One of the most important and practical subfields of text analysis is sentiment analysis

Sentiment analysis allows us to determine the emotional tone of a text.

It can be applied to:

  • brand monitoring
  • customer feedback analysis
  • political party manifestos
  • social media sentiment analysis, etc.

Models of Sentiment Analysis

Various approaches have been developed to perform sentiment analysis. These range from simple rule-based methods to cutting-edge deep learning techniques.

Some of the most common sentiment analysis models include:

  • Lexicon-based analysis
  • Machine learning
  • Pre-trained transformer-based deep learning

Models of Sentiment Analysis

Lexicon-based analysis

This type of analysis entails using predefined rules to determine the sentiment of text.

For example, presence of actual positive or negative words determine the sentiment of text.

Lexicon-based analysis are easy to implement but may not be as accurate (e.g. there might be issues like context sensitivity and sarcasm detection)

Models of Sentiment Analysis

Machine Learning

This entails training a data to identify the sentiment of a piece based on a set of labeled training data.

This can be trained on a variety of ML algorithms: e.g. decision trees, support vector machines (SVMs), and neural networks.

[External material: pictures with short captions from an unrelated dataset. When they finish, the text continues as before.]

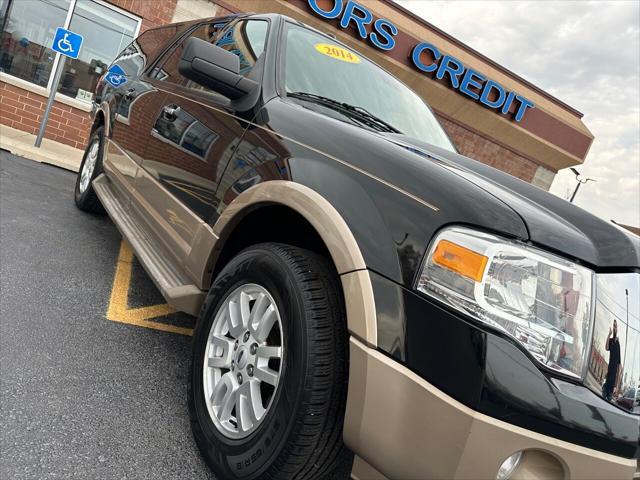 used 2014 Ford Expedition EL car, priced at $11,775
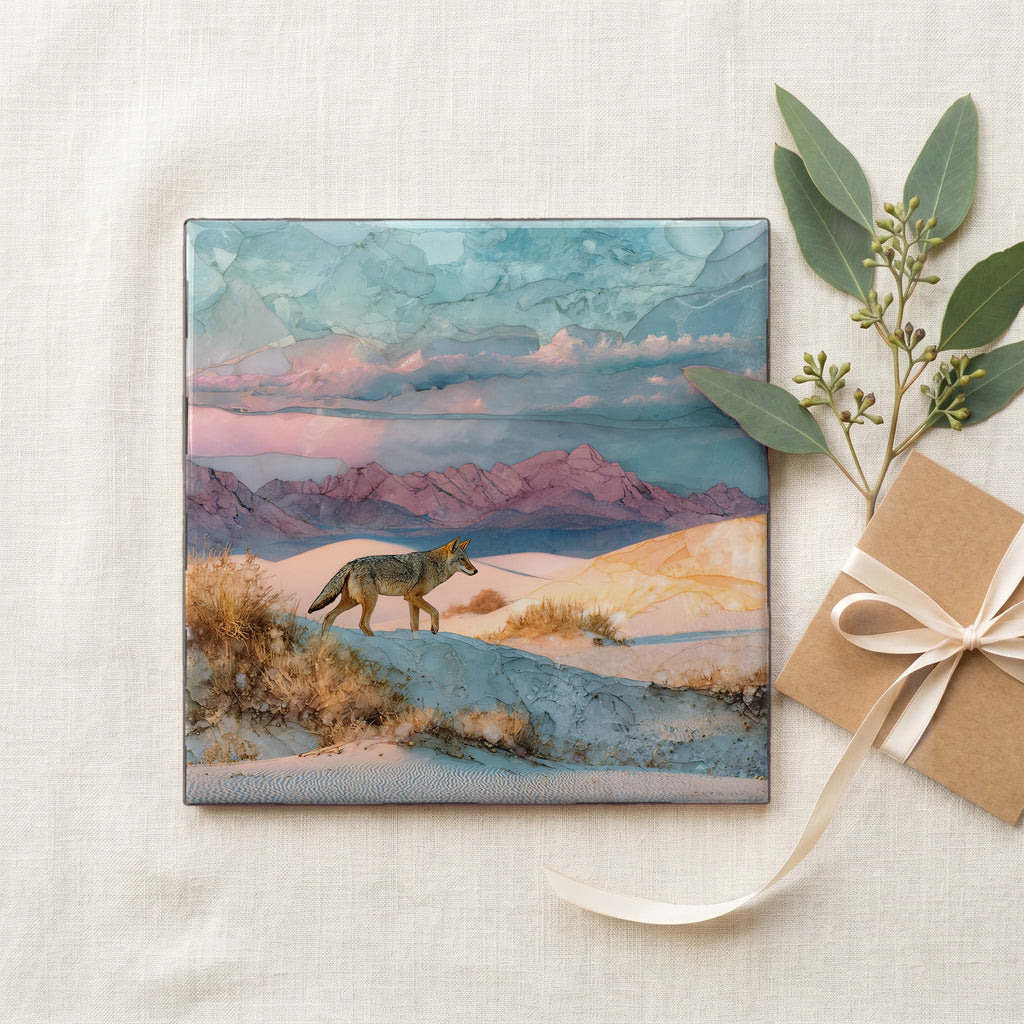 a coyote — gifting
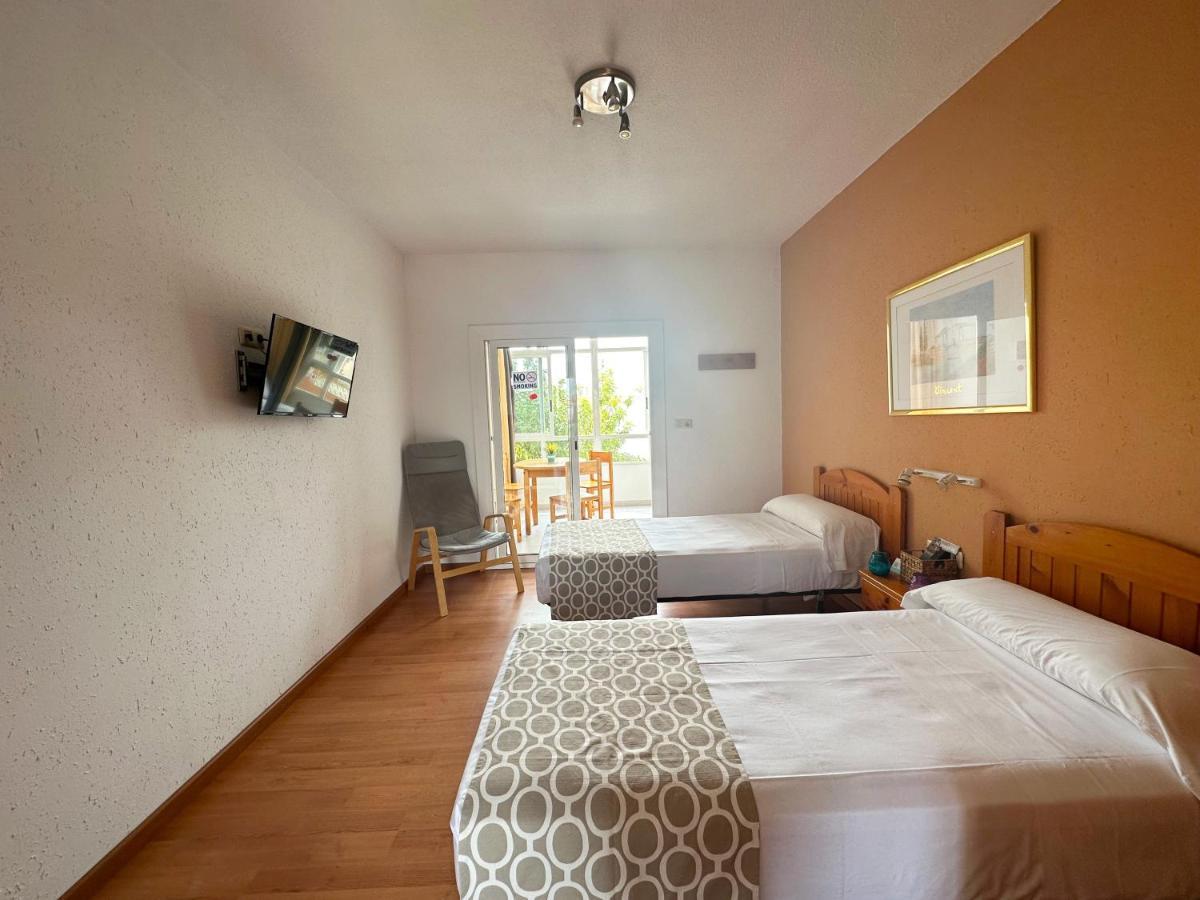 Apartamentos Sol Y Luna 3000 Peñíscola Extérieur photo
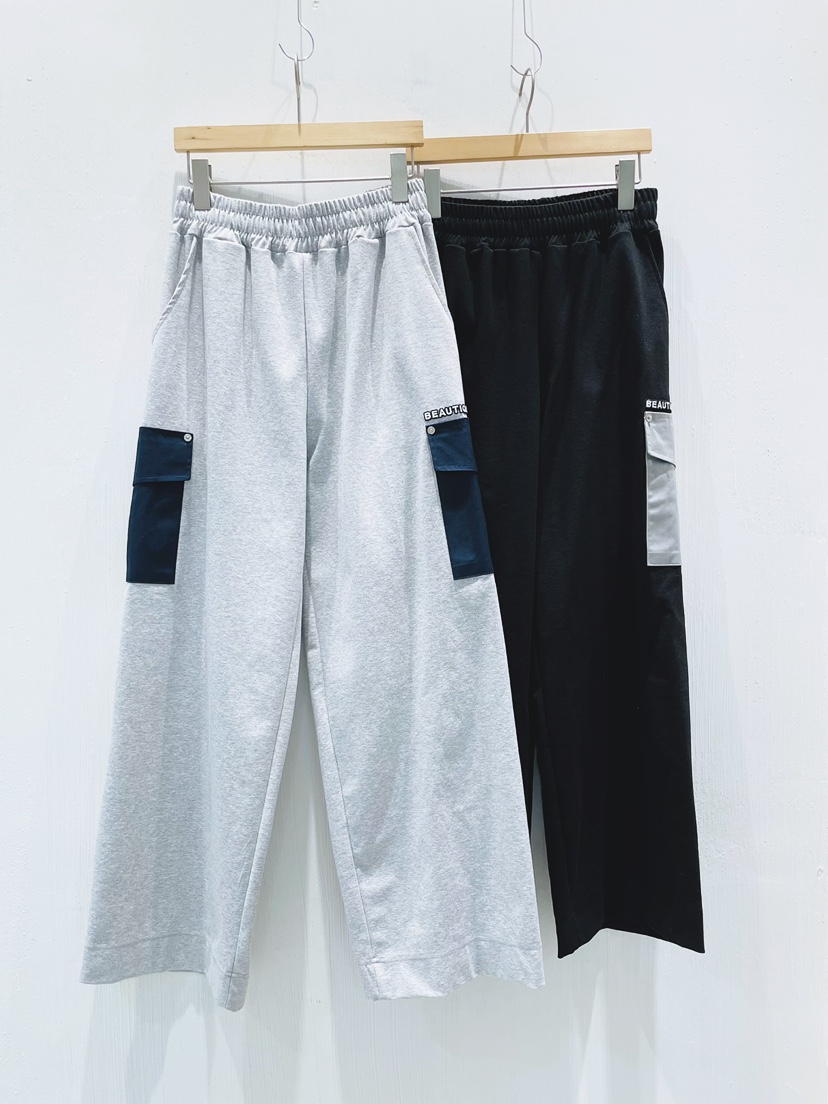 IAAN韓國直郵女士新款人氣休閑26春夏熱賣推薦職業休閑褲iaAn休閑褲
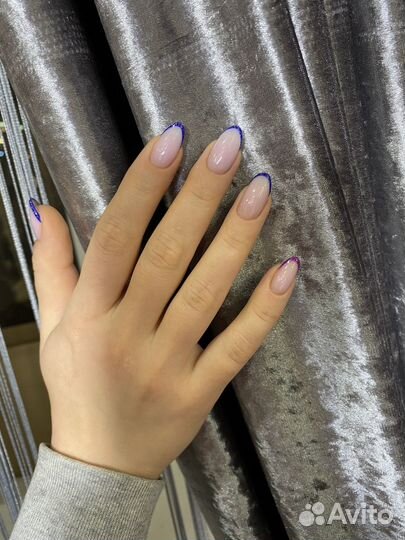 Маникюр в некрасовке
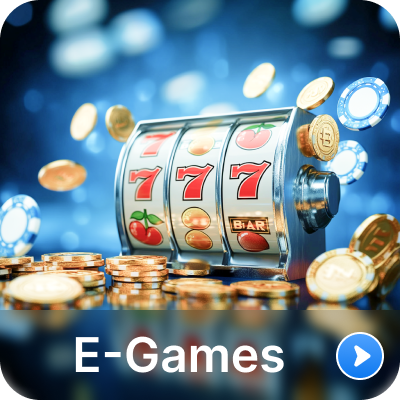 E-Games Kubet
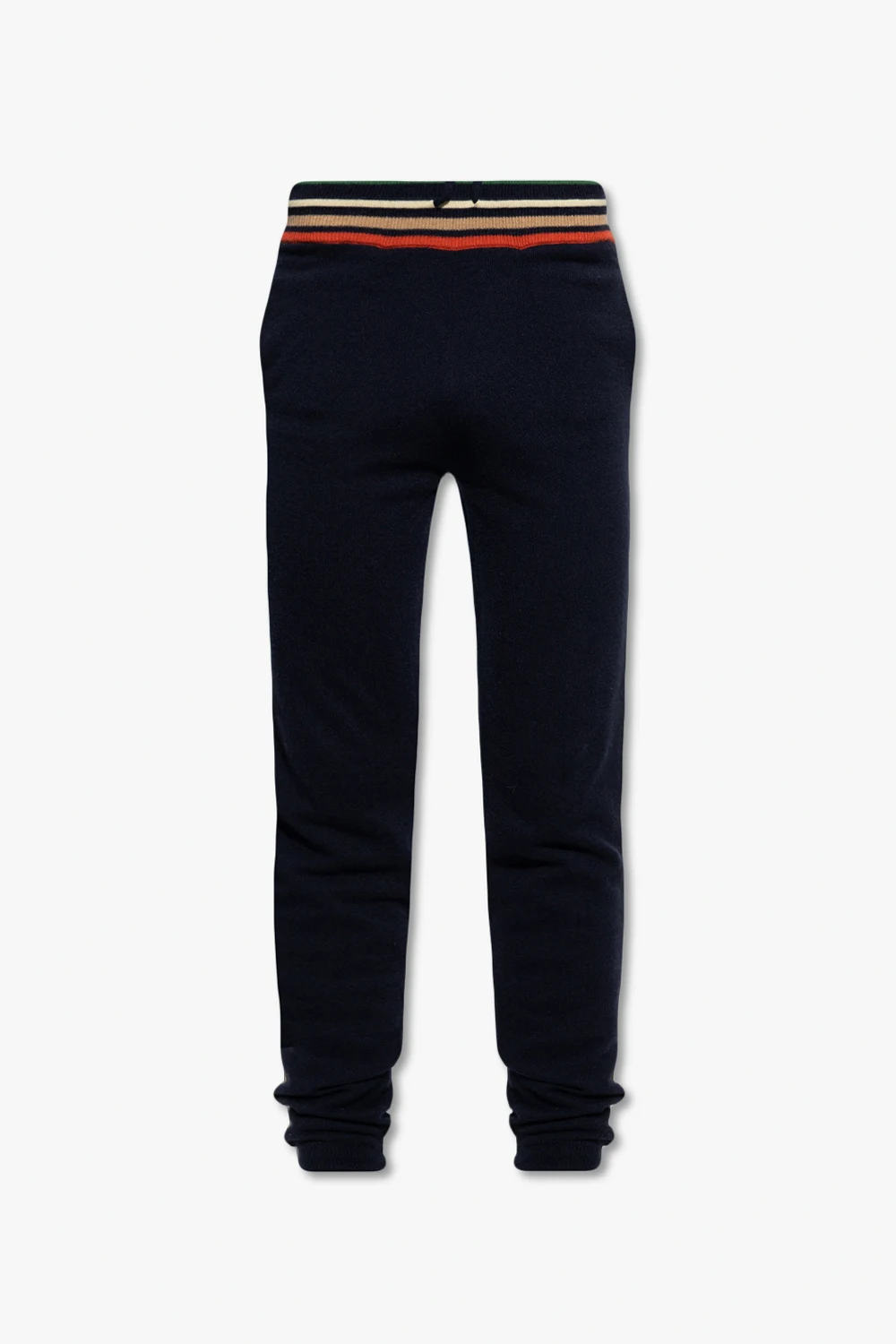 NAVY BLUE ‘Eternal’ sweatpants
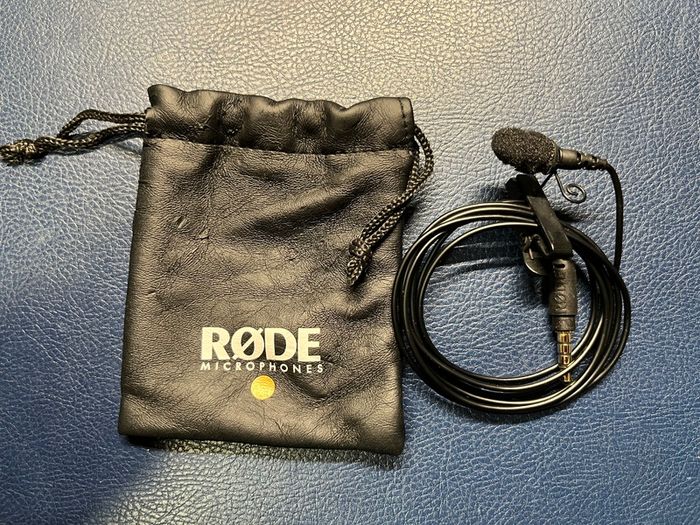 Rode Lavalier Go Microphone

These are typically more accurate than lexicon analysis, but they require a larger amount of training data.

Sentiment Analysis: Vader

Let us now perform sentiment analysis using NLTK in python

We will do this on the same data

#Step1: Load library
import pandas as pd
import string
import nltk
from nltk.sentiment.vader import SentimentIntensityAnalyzer
from nltk.corpus import stopwords
from nltk.tokenize import word_tokenize
from nltk.stem import WordNetLemmatizer
nltk.download('all')
from nltk.stem import WordNetLemmatizer, PorterStemmer

#Step2: Reading the CSV data into a DataFrame
import pandas as pd
import numpy as np
texts_df = pd.read_csv("/Users/bgpopescu/Library/CloudStorage/Dropbox/john_cabot/teaching/text_analysis/week8/lecture8b/data/aggression_texts.csv")
True

Pre-processing Text

We can use the function that we created previously to clean the text:

from nltk.tokenize import word_tokenize
from nltk.corpus import stopwords
from nltk.stem import WordNetLemmatizer, PorterStemmer
import string
import nltk

# Ensure necessary NLTK resources are downloaded
nltk.download('punkt')
nltk.download('wordnet')
nltk.download('stopwords')

# Initialize lemmatizer and stemmer
lemmatizer = WordNetLemmatizer()
stemmer = PorterStemmer()

# Define lemmatization function
def lemmatize_text(tokens):
    return [lemmatizer.lemmatize(word) for word in tokens]

# Define stemming function
def stem_text(tokens):
    return [stemmer.stem(word) for word in tokens]

# Preprocessing pipeline
def preprocess_text(df, text_column):
    # Step 1: Ensure the specified column contains only strings
    df[text_column] = df[text_column].astype(str)

    # Step 2: Convert text to lowercase
    df["text2"] = df[text_column].str.lower()

    # Step 3: Remove punctuation
    df["text2"] = df["text2"].str.translate(str.maketrans('', '', string.punctuation))

    # Step 4: Remove numbers
    df["text2"] = df["text2"].str.replace(r'[0-9]+', " ", regex=True)

    # Step 5: Tokenize, lemmatize, stem, and remove stopwords
    stop_words = set(stopwords.words('english'))
    df["text2"] = df["text2"].apply(
        lambda text: ' '.join(
            [stemmer.stem(lemmatizer.lemmatize(word))  # Apply lemmatization and stemming
             for word in word_tokenize(text)          # Tokenize text
             if word not in stop_words]               # Remove stopwords
        )
    )

    # Step 6: Remove rows with NaN values in the processed column
    df = df.dropna(subset=["text2"])

    return df
True
True
True

Pre-processing Text

We now apply the function and let us observe the changes.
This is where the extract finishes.